■ WORK REQUIRED ■
Your copy should run exactly from the line containing "Smartwatch Hw Ultra2" to the last line of the entries below, and it should include no pictures.

■ INFORMATION ■
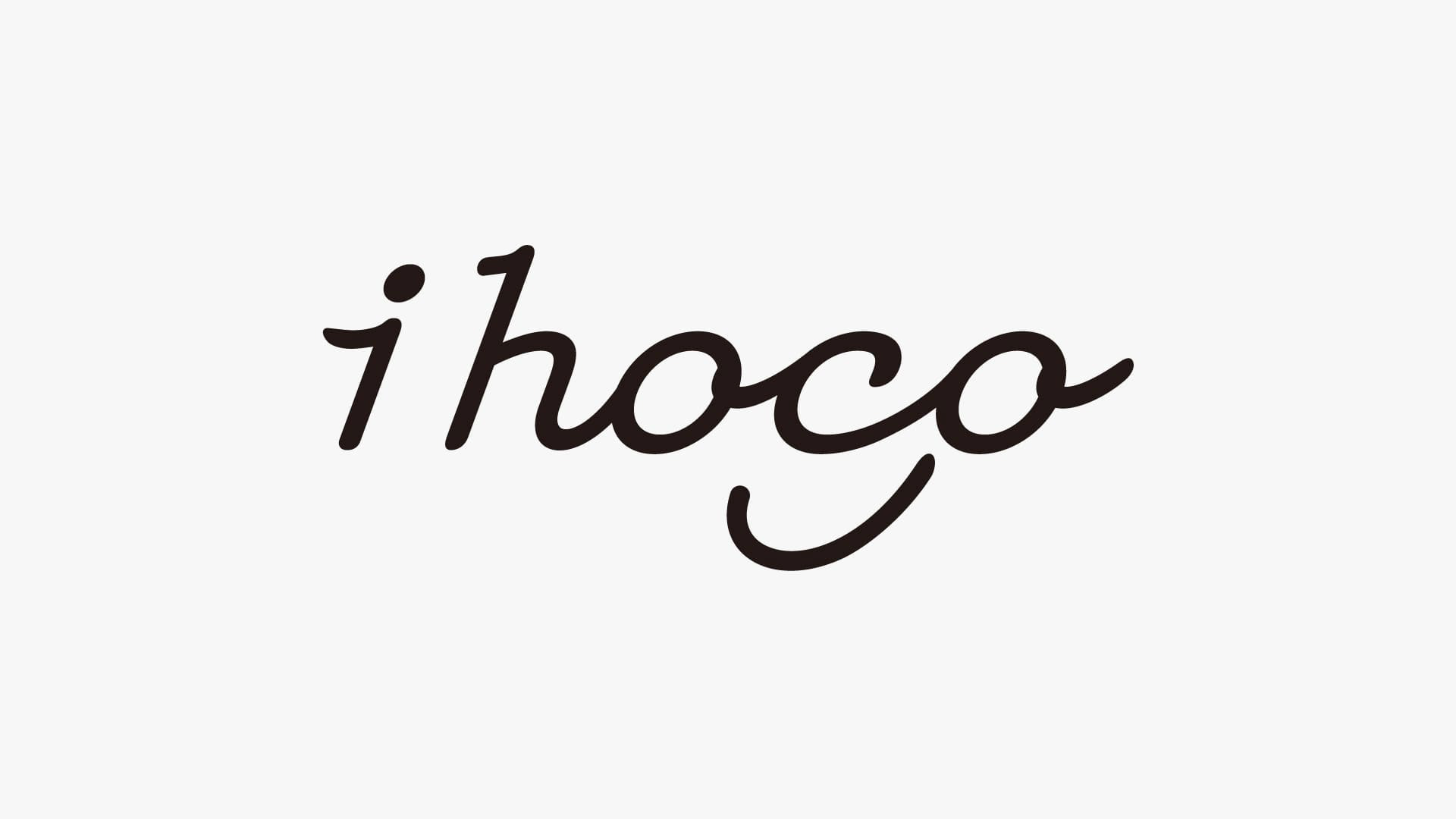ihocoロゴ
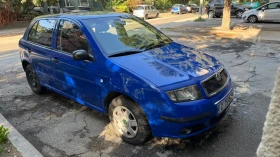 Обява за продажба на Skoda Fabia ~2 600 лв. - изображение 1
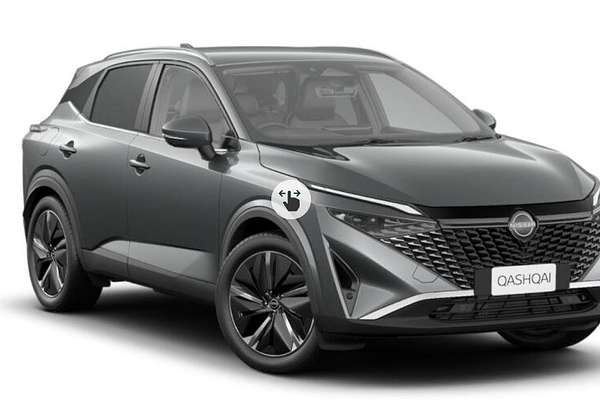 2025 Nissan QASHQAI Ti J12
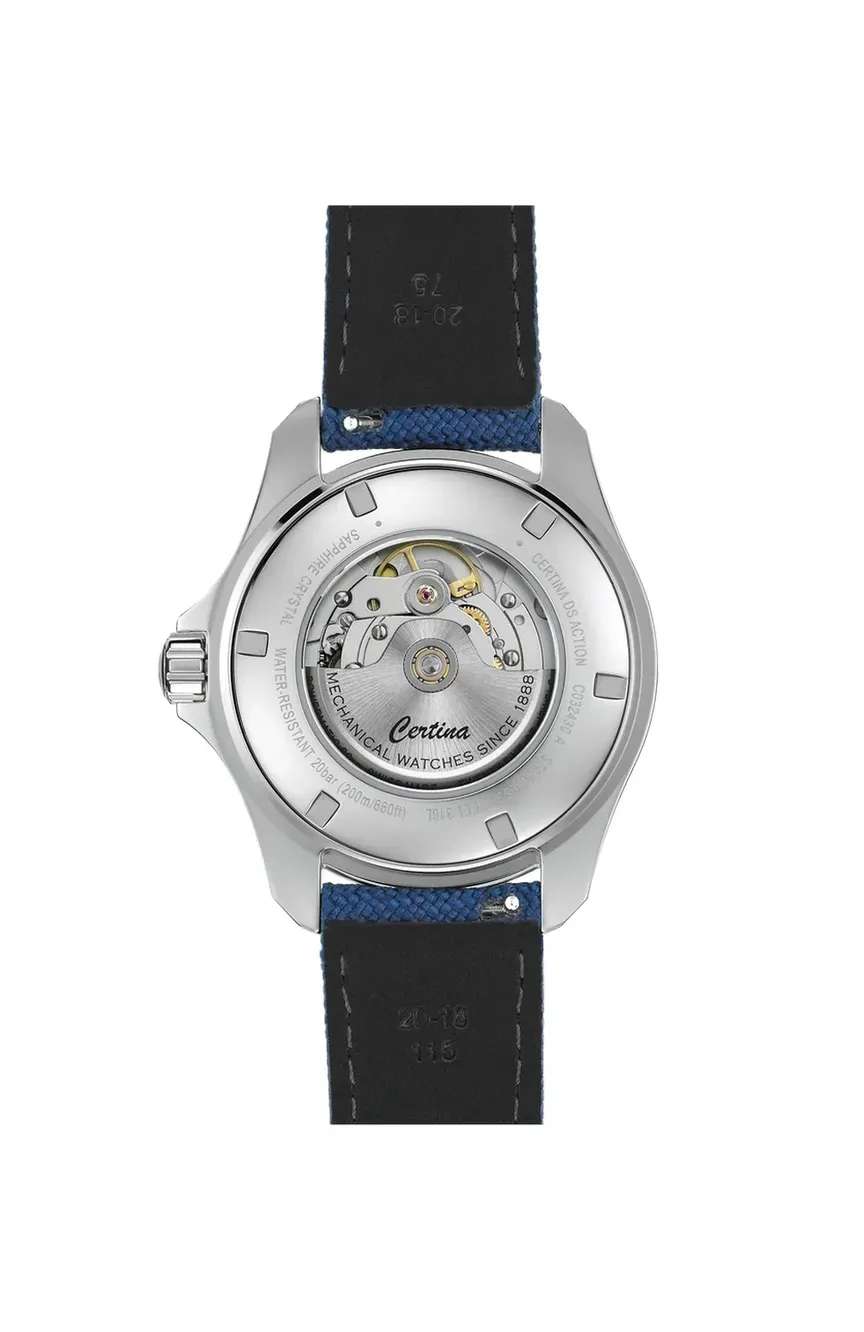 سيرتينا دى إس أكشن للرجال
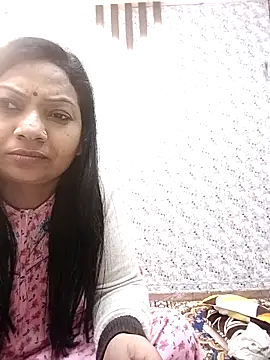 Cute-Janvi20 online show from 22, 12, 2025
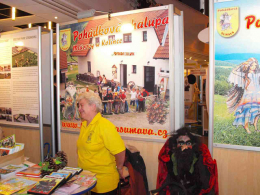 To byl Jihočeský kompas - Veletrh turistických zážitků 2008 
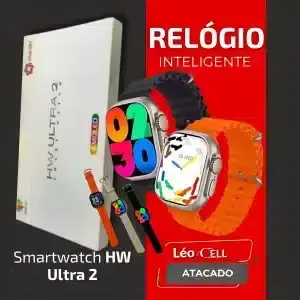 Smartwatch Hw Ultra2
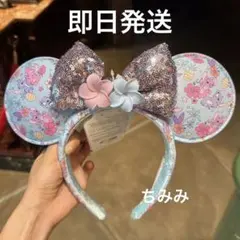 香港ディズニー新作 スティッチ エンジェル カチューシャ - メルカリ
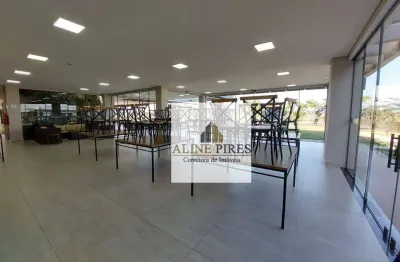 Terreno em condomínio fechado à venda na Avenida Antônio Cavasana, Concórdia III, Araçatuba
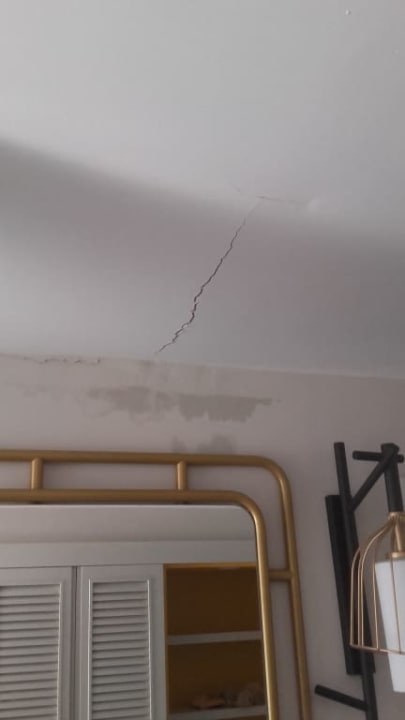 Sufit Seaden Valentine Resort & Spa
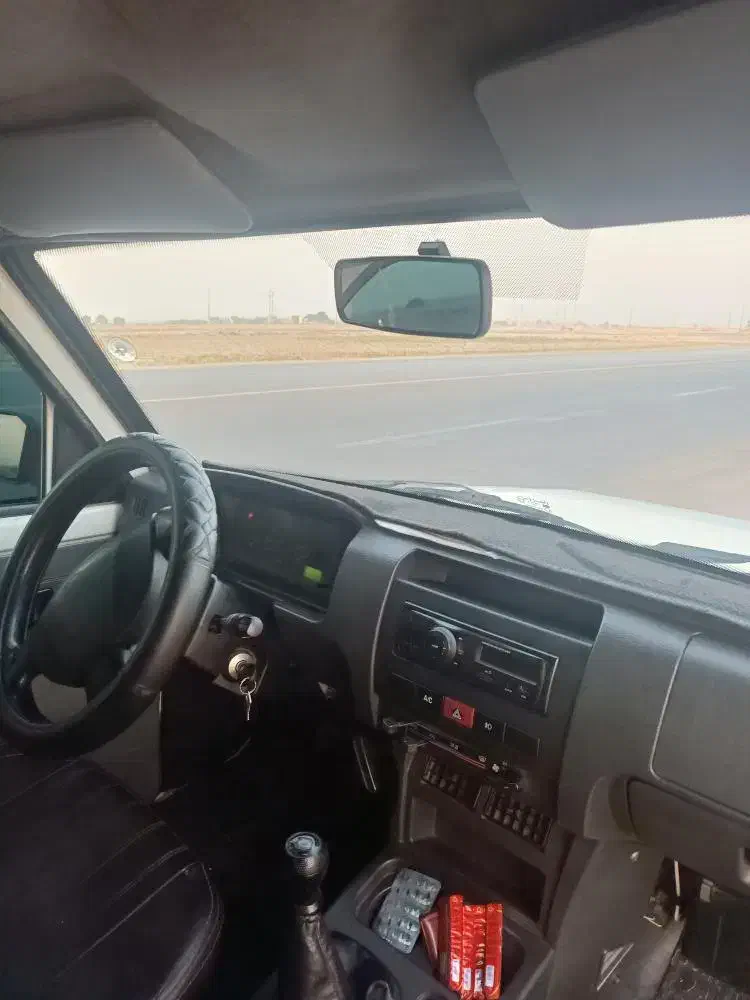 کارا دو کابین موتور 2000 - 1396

■ OUTPUT FOR THIS TASK ■
 Smartwatch Hw Ultra2
 香港ディズニー新作 スティッチ エンジェル カチューシャ - メルカリ
 Terreno em condomínio fechado à venda na Avenida Antônio Cavasana, Concórdia III, Araçatuba
 Sufit Seaden Valentine Resort & Spa
 کارا دو کابین موتور 2000 - 1396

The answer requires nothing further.